Part of that isolation extended to Christmas. From 1969 to 1998, ending with Pope John Paul II’s visit to the island, Christmas was officially banned by the government in a period known in Cuba as Las navidades silenciadas or “The Silent Christmases.”

Rebtel, a Swedish low-cost mobile carrier, this month released an internet campaign, “The Lost Christmas,” as part of its promotional launch of a new service offering international calls to Cuban mobile and landline phones. A company representative in Miami called and interviewed five Cubans, whose surnames are not revealed, who had grown up in this era. Many were children when Christmas on the island suddenly went underground.

“I remember my Uncle Antonio gave us a plastic old broken Christmas tree which we kept hidden,” says Angela, 59, of Havana. “I don’t know how he got it. We enjoyed the tree anyway, even if we couldn’t light it at night.”

Abel, 45, also of Havana, recalled: “My generation, those of us who grew up in the 60s, lived with the myth of Christmas created for us in the stories that our grandparents shared with us.”

The reasons that Fidel Castro’s government officially terminated Christmas were both economic and political. In October 1969, in an effort to fuel economic growth at a time of financial crisis, the government announced an ambitious plan to boost the country’s sugar cane industry. The Zafra de los diez millones or “The ten million harvest” was a national effort to export 10 million tons of sugar cane abroad. To avoid interrupting the harvest, Christmas and New Year’s celebrations were moved to July and Dec. 25 became a normal working day.

Also during that period, the government was seeking to institutionalize its secular revolution and saw religion and religious holidays as a counter force to that national project, said Enrique Sacerio Garí, a professor of Hispanic-American studies at Bryn Mawr College and an expert on Cuba.

Garí, 69, was born and raised in Cuba and has made dozens of trips back since he moved to the US in 1959. He said he understood the sentiments expressed by those interviewed in Rebtel’s promotional campaign, but also said they fail to tell the full story.

For one thing, he says, Christmas really came out from the shadows in 1991, when Communist party members were given permission to practice religion openly.

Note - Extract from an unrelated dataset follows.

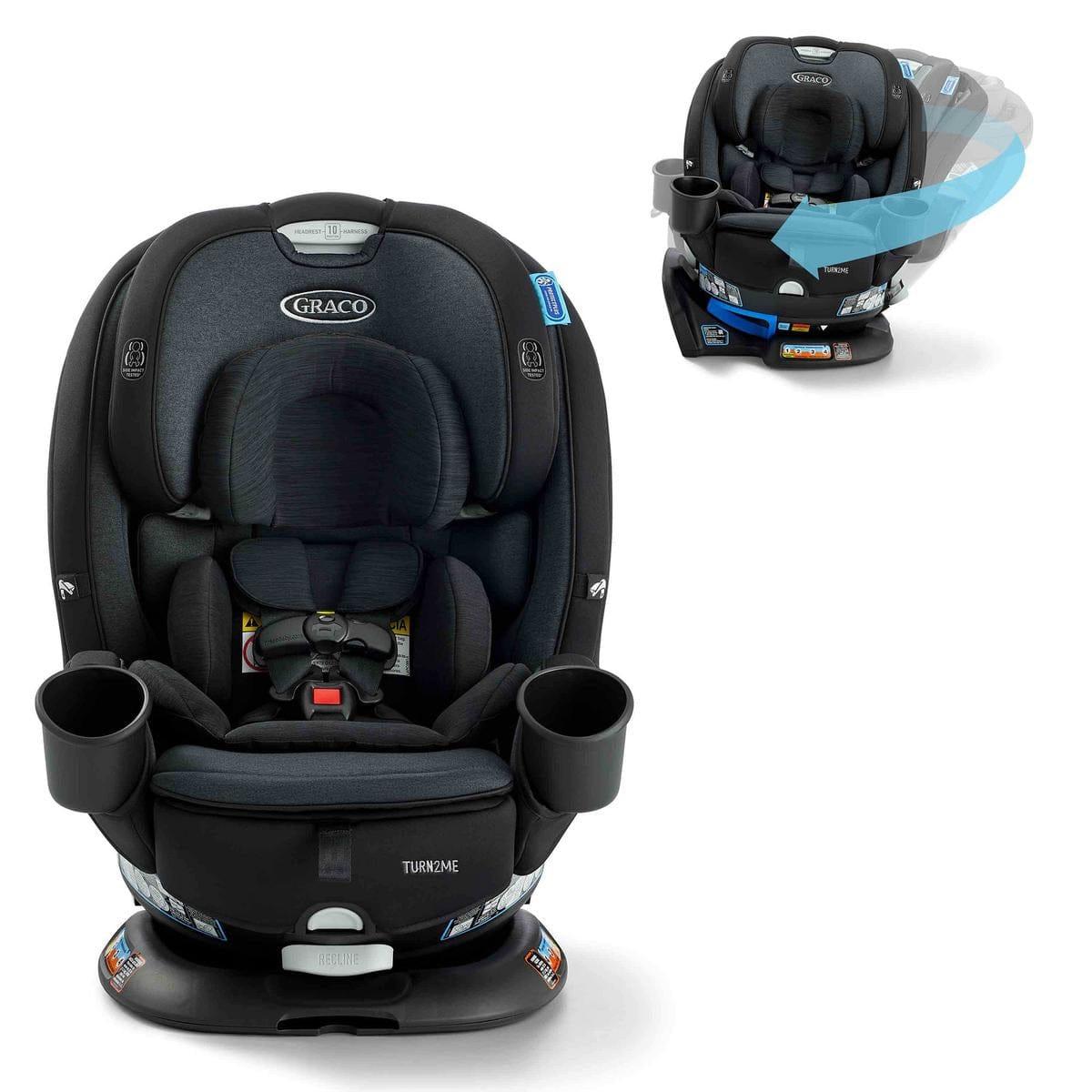 Graco OPEN BOX Turn2Me 3-in-1 Rotating Convertible Car Seat - Cambridge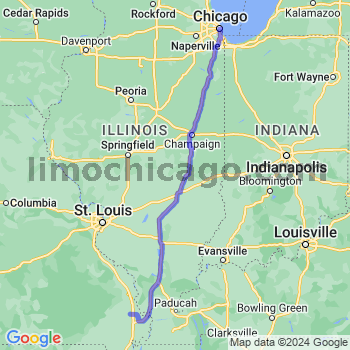 Limousine service to Chicago Loop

And, he explains, many Cubans maintained Christmas customs even during the “Lost Christmas” period, such as the traditional Christmas Eve dinner where lechón asado or roasted suckling pig is served.

In fact, Garí tells Quartz, in some ways Cuba’s Christmas celebrations have maintained the holiday’s sincerity in ways that it has been lost elsewhere. ”Cuba differs from others in that, in this 30-year period, Christmas was marketed around the world as a business, and the religious aspect of it largely went away,” he says. “Cuba wasn’t part of that commercialization of the holiday, so to speak.”

Since Christmas returned as an officially recognized public holiday in 1998, Garí says, Cuba’s “Lost Christmas” generation views the day as a cultural spectacle, rather than a religious ritual. Cubans buy trees and decorate them with ornaments, and sometimes even exchange gifts.